YOUR GOAL
Transcribe the records below word for word, beginning with the first line and stopping after the line that contains "Today we're going"; pictures are not part of the copy.

- - -

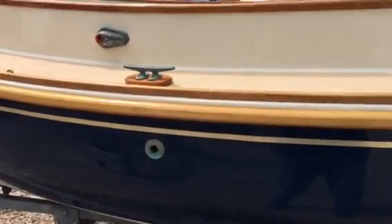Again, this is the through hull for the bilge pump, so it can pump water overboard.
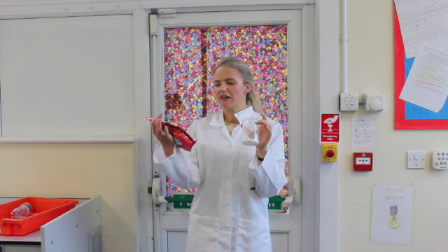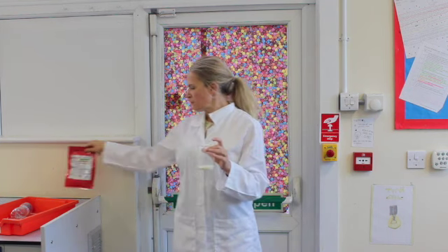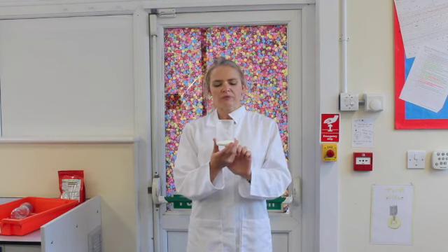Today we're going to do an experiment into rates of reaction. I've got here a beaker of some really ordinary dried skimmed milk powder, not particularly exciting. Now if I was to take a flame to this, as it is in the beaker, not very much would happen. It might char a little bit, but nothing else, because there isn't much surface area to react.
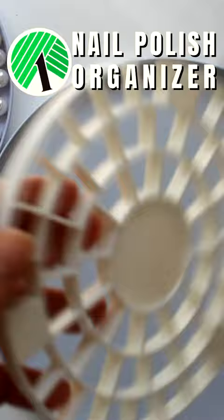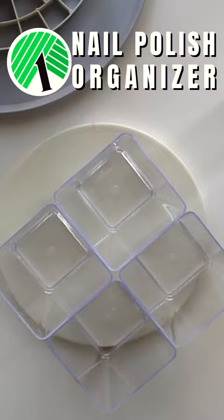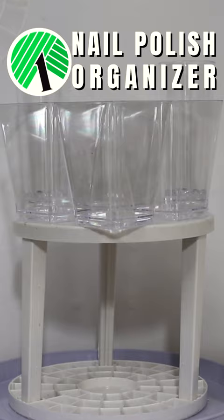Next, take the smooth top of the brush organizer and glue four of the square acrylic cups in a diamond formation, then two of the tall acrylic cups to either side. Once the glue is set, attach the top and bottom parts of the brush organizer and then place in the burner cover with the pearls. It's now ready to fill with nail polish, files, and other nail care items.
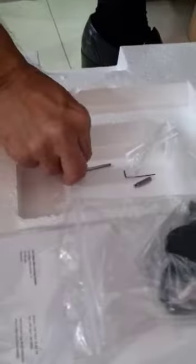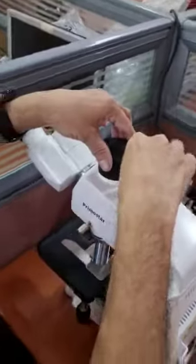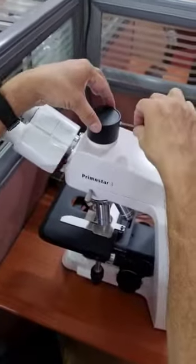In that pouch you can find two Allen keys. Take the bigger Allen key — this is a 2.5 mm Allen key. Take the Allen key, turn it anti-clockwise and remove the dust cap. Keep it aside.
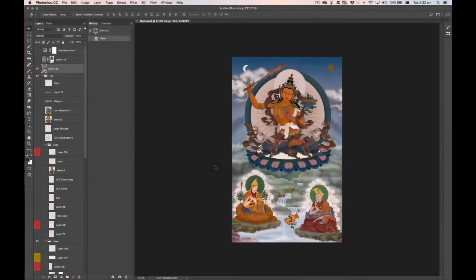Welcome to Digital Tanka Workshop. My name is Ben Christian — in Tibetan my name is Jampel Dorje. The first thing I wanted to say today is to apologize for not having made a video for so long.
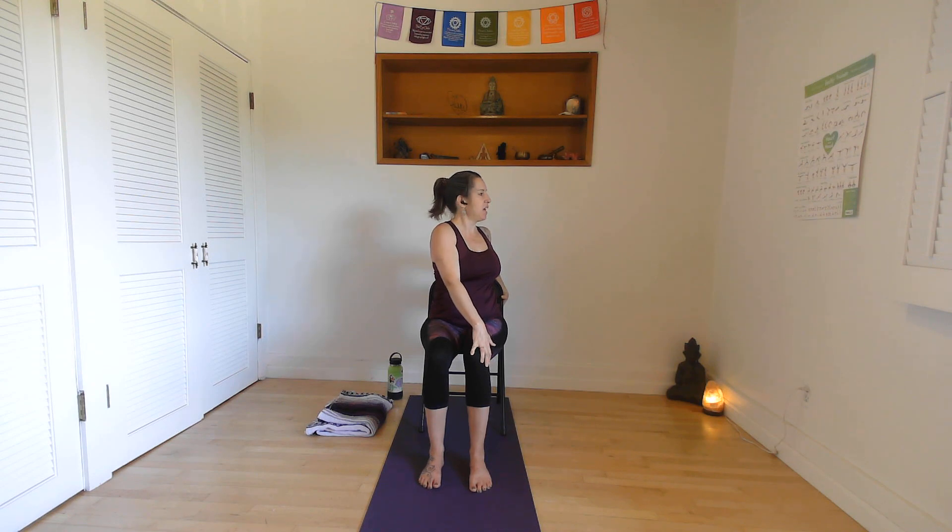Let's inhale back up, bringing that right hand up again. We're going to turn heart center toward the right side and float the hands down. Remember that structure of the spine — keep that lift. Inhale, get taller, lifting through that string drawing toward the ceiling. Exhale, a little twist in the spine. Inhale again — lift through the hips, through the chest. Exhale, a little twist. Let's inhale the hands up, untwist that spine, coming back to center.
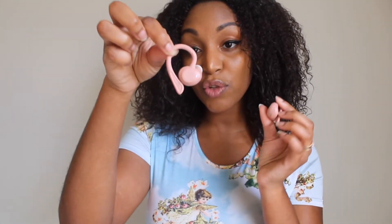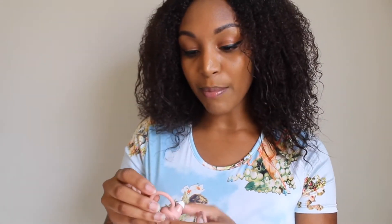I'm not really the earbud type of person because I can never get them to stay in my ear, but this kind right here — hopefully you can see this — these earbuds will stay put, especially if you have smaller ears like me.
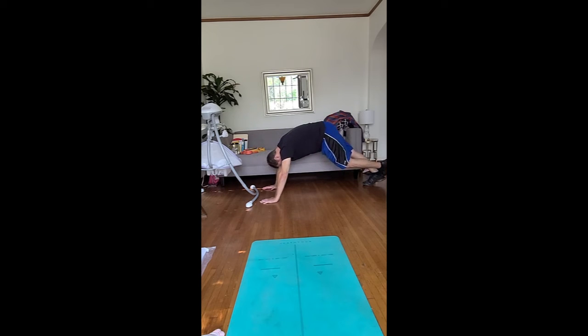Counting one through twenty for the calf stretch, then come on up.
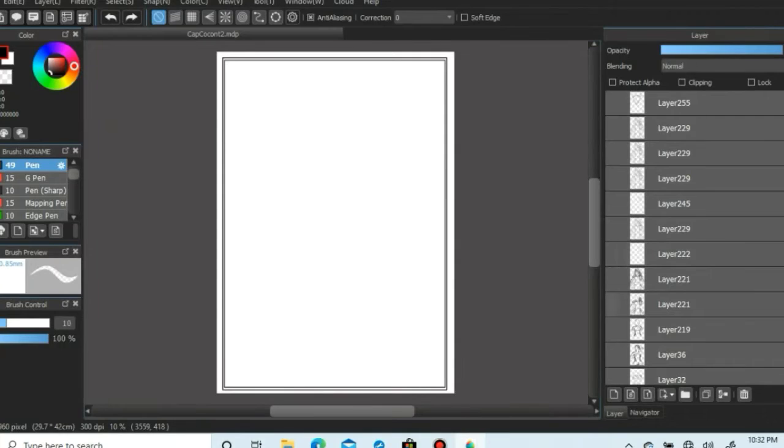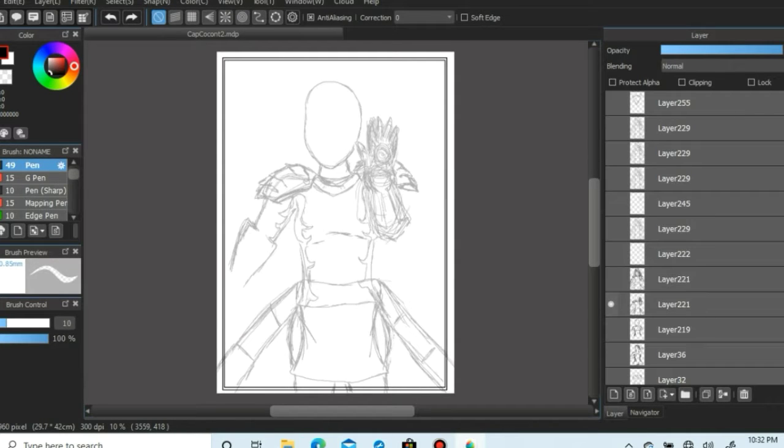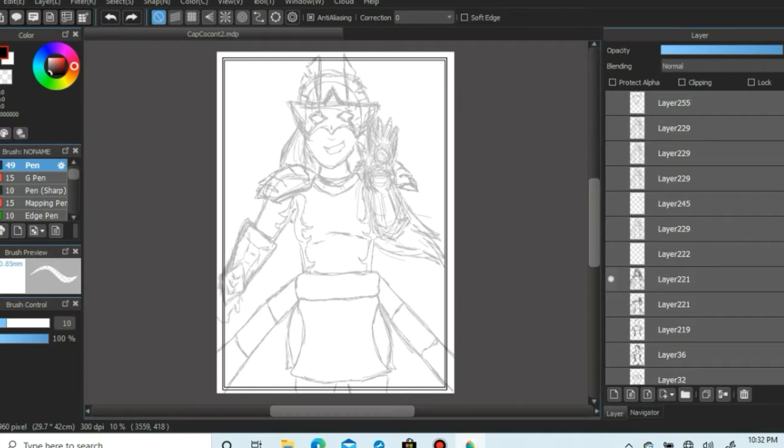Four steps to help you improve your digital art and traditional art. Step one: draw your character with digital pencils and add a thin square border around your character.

- - -

RESPONSE FOR THIS EXERCISE
Again, this is the through hull for the bilge pump, so it can pump water overboard.
Today we're going to do an experiment into rates of reaction. I've got here a beaker of some really ordinary dried skimmed milk powder, not particularly exciting. Now if I was to take a flame to this, as it is in the beaker, not very much would happen. It might char a little bit, but nothing else, because there isn't much surface area to react.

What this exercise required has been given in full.